▸ **Excerpted data**
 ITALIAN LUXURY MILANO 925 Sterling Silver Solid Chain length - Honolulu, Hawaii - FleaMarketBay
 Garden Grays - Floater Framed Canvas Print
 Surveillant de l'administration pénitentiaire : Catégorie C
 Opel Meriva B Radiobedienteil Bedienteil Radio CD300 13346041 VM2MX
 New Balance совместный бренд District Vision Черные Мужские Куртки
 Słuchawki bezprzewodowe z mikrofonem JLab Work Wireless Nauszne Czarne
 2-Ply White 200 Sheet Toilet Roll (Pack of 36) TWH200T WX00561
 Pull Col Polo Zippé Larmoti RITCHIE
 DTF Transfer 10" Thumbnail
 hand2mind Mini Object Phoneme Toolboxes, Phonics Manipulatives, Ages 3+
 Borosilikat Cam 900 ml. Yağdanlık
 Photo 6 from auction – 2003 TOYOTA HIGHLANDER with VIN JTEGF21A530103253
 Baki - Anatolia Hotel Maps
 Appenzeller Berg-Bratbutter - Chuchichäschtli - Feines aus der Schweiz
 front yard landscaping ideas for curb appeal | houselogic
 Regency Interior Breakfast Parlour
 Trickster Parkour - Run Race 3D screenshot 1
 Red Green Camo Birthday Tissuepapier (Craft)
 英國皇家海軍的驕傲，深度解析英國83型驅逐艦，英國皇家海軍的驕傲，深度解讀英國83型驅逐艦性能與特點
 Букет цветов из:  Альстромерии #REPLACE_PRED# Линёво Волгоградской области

▸ **Your instructions**
All that is wanted is an exact copy of the lines above from the one with "Słuchawki bezprzewodowe z" through the one with "英國皇家海軍的驕傲，", with both ends included.

▸ **Output**
 Słuchawki bezprzewodowe z mikrofonem JLab Work Wireless Nauszne Czarne
 2-Ply White 200 Sheet Toilet Roll (Pack of 36) TWH200T WX00561
 Pull Col Polo Zippé Larmoti RITCHIE
 DTF Transfer 10" Thumbnail
 hand2mind Mini Object Phoneme Toolboxes, Phonics Manipulatives, Ages 3+
 Borosilikat Cam 900 ml. Yağdanlık
 Photo 6 from auction – 2003 TOYOTA HIGHLANDER with VIN JTEGF21A530103253
 Baki - Anatolia Hotel Maps
 Appenzeller Berg-Bratbutter - Chuchichäschtli - Feines aus der Schweiz
 front yard landscaping ideas for curb appeal | houselogic
 Regency Interior Breakfast Parlour
 Trickster Parkour - Run Race 3D screenshot 1
 Red Green Camo Birthday Tissuepapier (Craft)
 英國皇家海軍的驕傲，深度解析英國83型驅逐艦，英國皇家海軍的驕傲，深度解讀英國83型驅逐艦性能與特點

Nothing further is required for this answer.